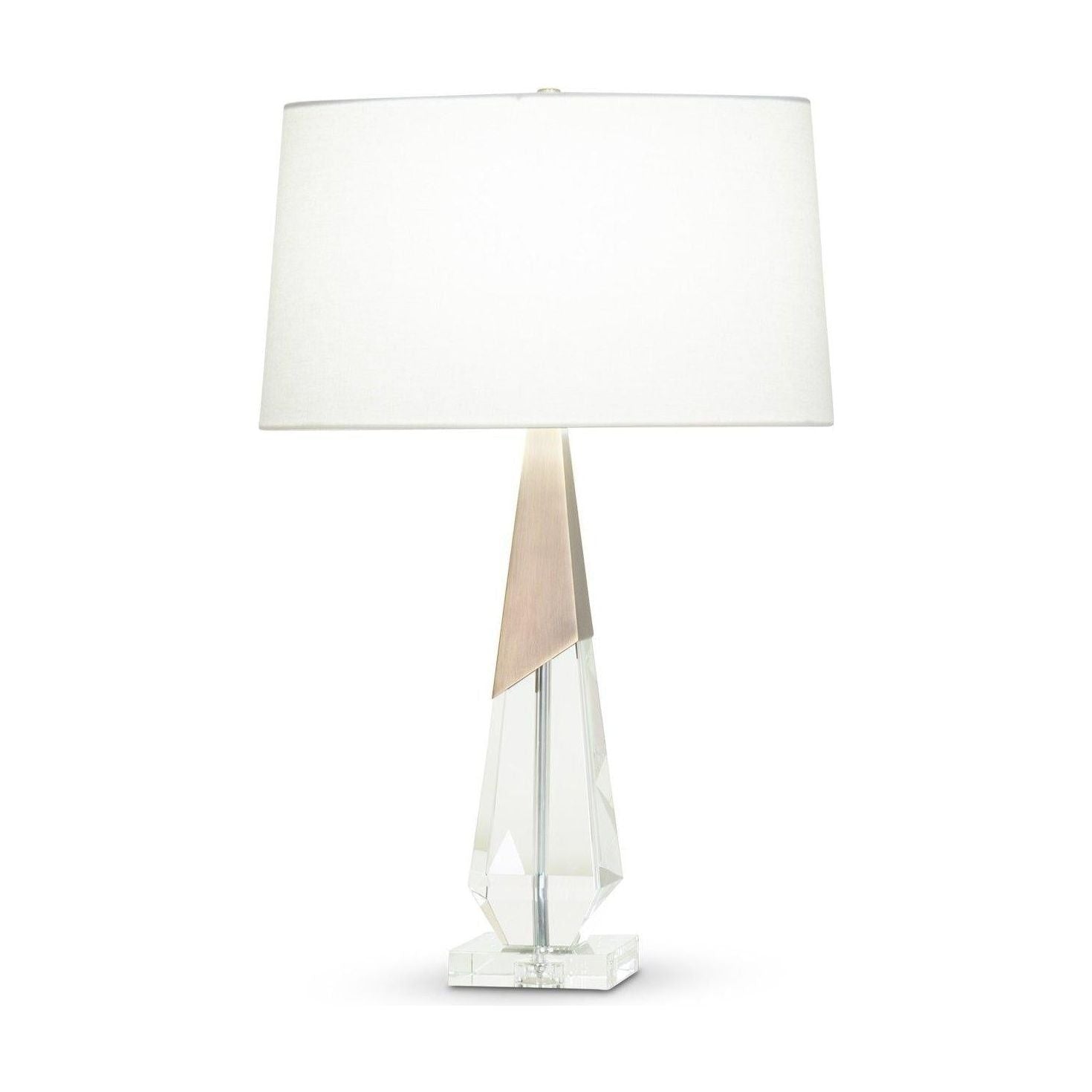 Flow Decor - April Table Lamp - Lights Canada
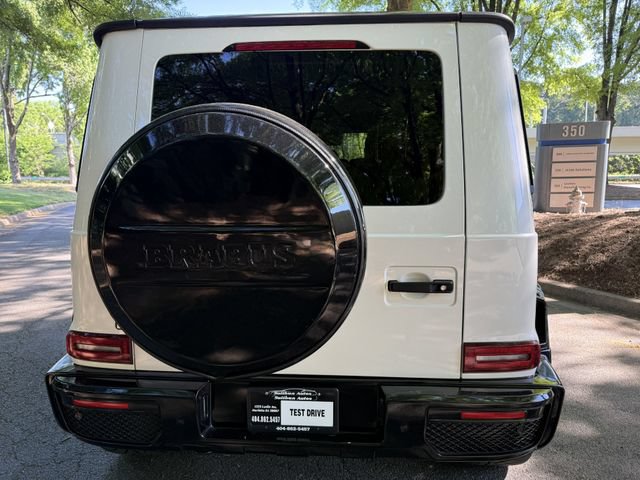 Used 2019 Mercedes-Benz G 63 AMG 4MATIC image 4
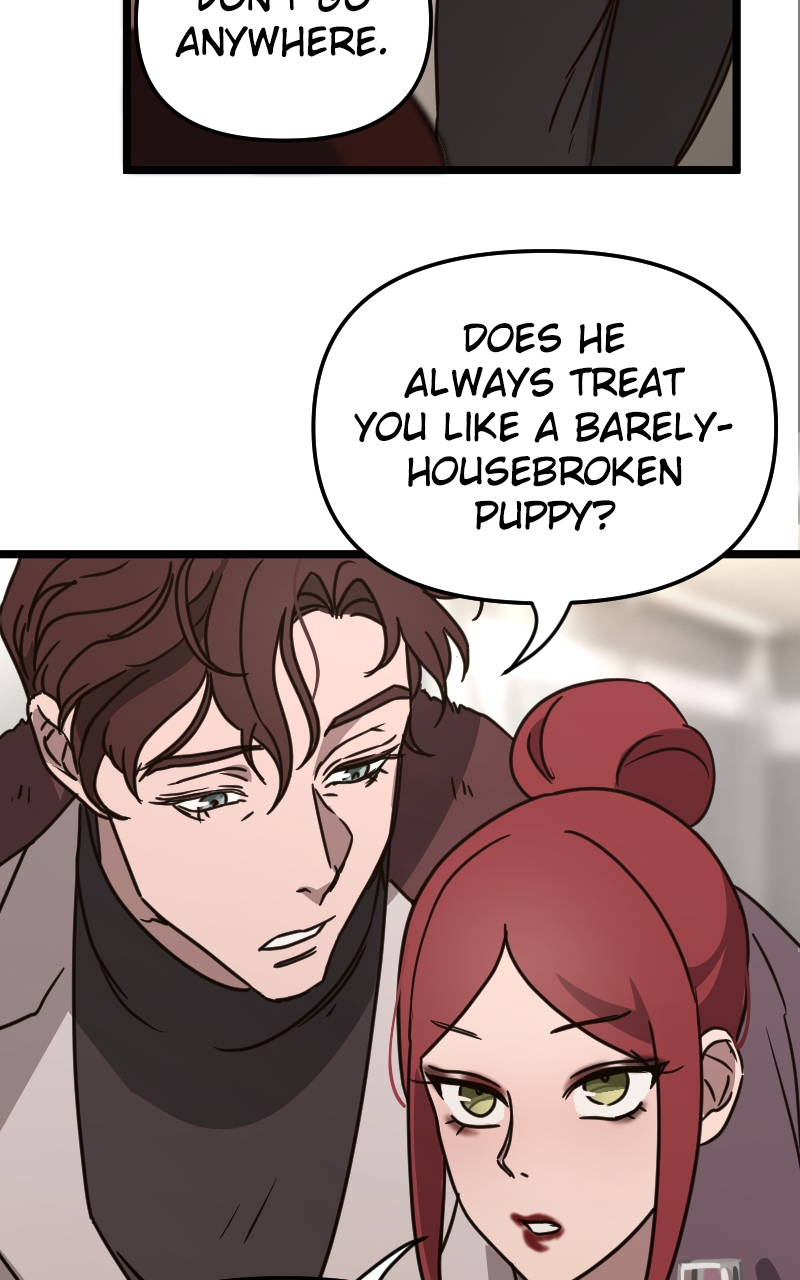 Read The Mafia Nanny ENGLISH Manga Online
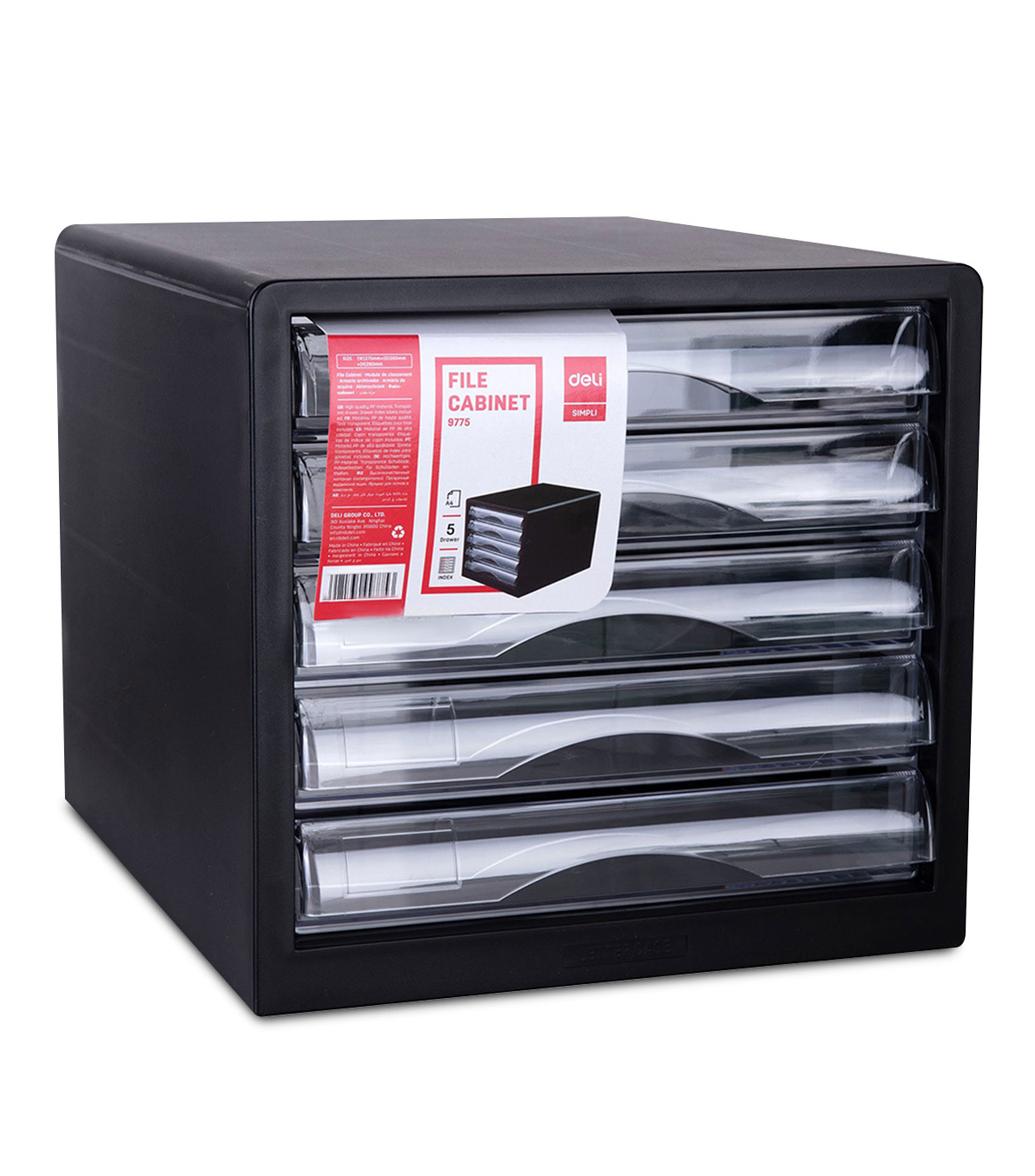 Archivador de escritorio Deli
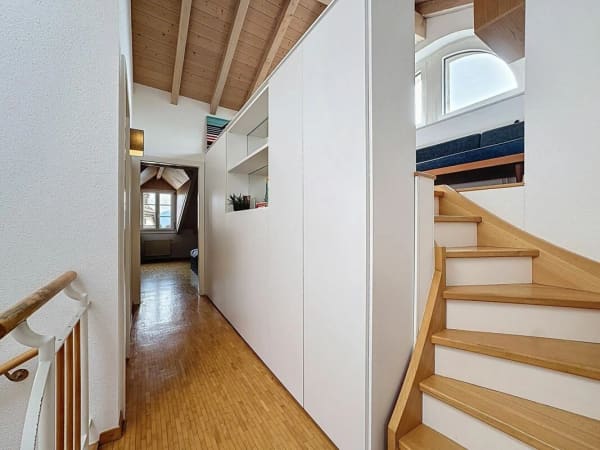 Immobilie in Féchy - DUPLEX DE CARACTÈRE RÉNOVÉ AU COEUR DE FÉCHY-DESSUS - Bild 14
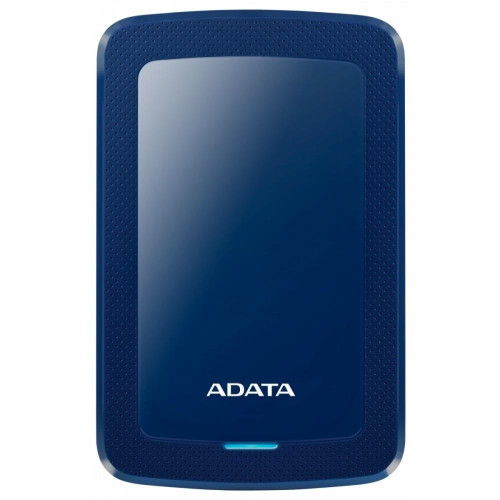 Dysk zewnętrzny HDD ADATA HV300 AHV300-2TU31-CBL (2 TB; 2.5"; USB 3.1; 8 MB; 7200 obr/min; kolor niebieski)-510095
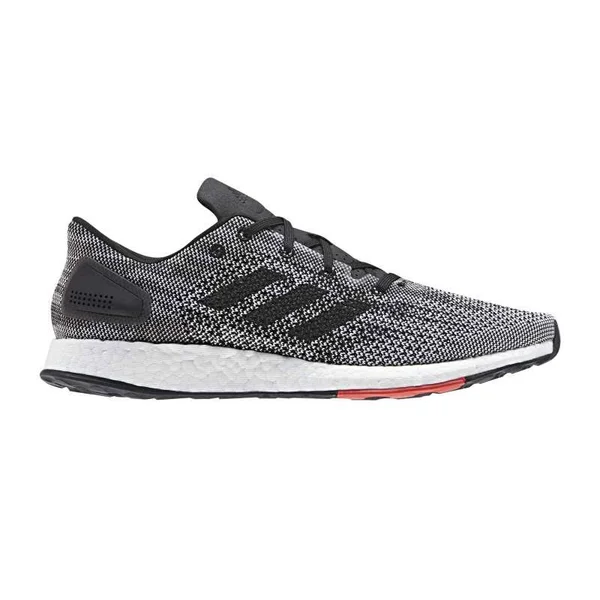 Adidas Men's Pureboost DPR Running Shoes - Size: 10.5, Black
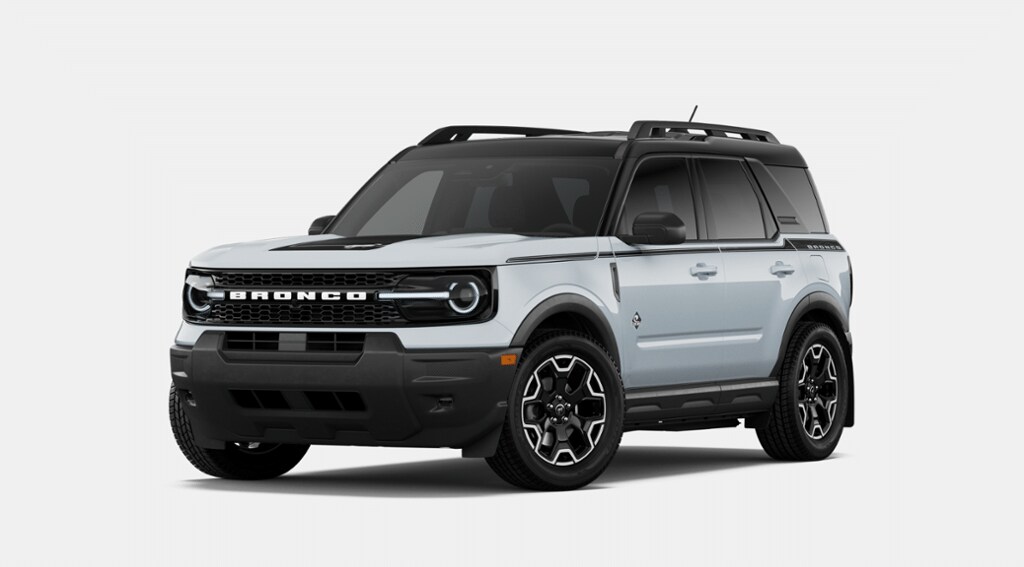 2026 Bronco Sport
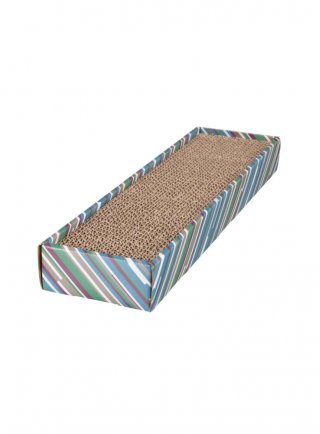 Tiragraffi trixie in cartone 48x13x5cm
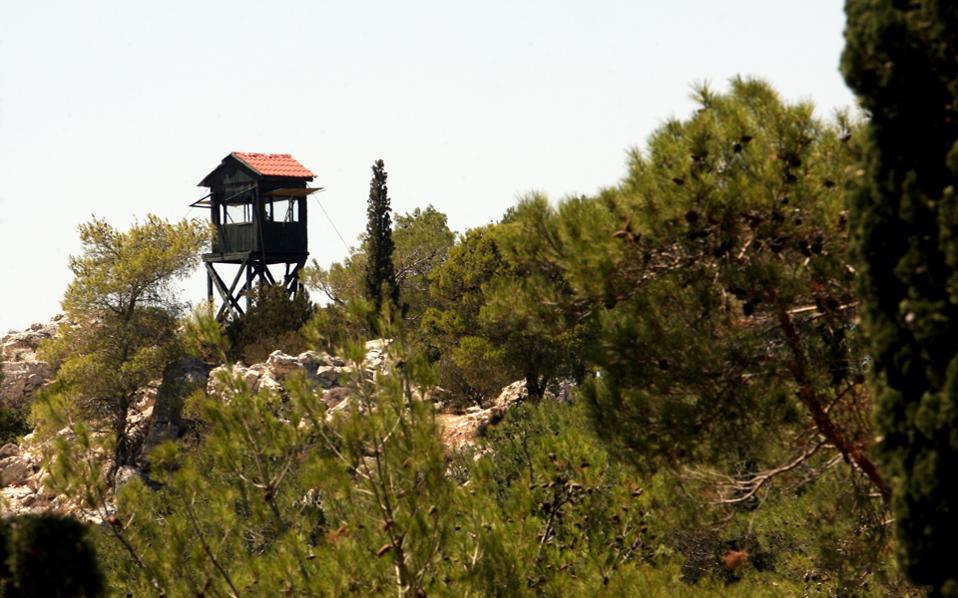 Πυρκαγιές: Οι περιοχές υψηλού κινδύνου – Περισσότερα φέτος τα εναέρια μέσα-1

#### [What you should do]
An exact transcript of the listing is needed, free of pictures.

#### [Response box]
 Flow Decor - April Table Lamp - Lights Canada
 Used 2019 Mercedes-Benz G 63 AMG 4MATIC image 4
 Read The Mafia Nanny ENGLISH Manga Online
 Archivador de escritorio Deli
 Immobilie in Féchy - DUPLEX DE CARACTÈRE RÉNOVÉ AU COEUR DE FÉCHY-DESSUS - Bild 14
 Dysk zewnętrzny HDD ADATA HV300 AHV300-2TU31-CBL (2 TB; 2.5"; USB 3.1; 8 MB; 7200 obr/min; kolor niebieski)-510095
 Adidas Men's Pureboost DPR Running Shoes - Size: 10.5, Black
 2026 Bronco Sport
 Tiragraffi trixie in cartone 48x13x5cm
 Πυρκαγιές: Οι περιοχές υψηλού κινδύνου – Περισσότερα φέτος τα εναέρια μέσα-1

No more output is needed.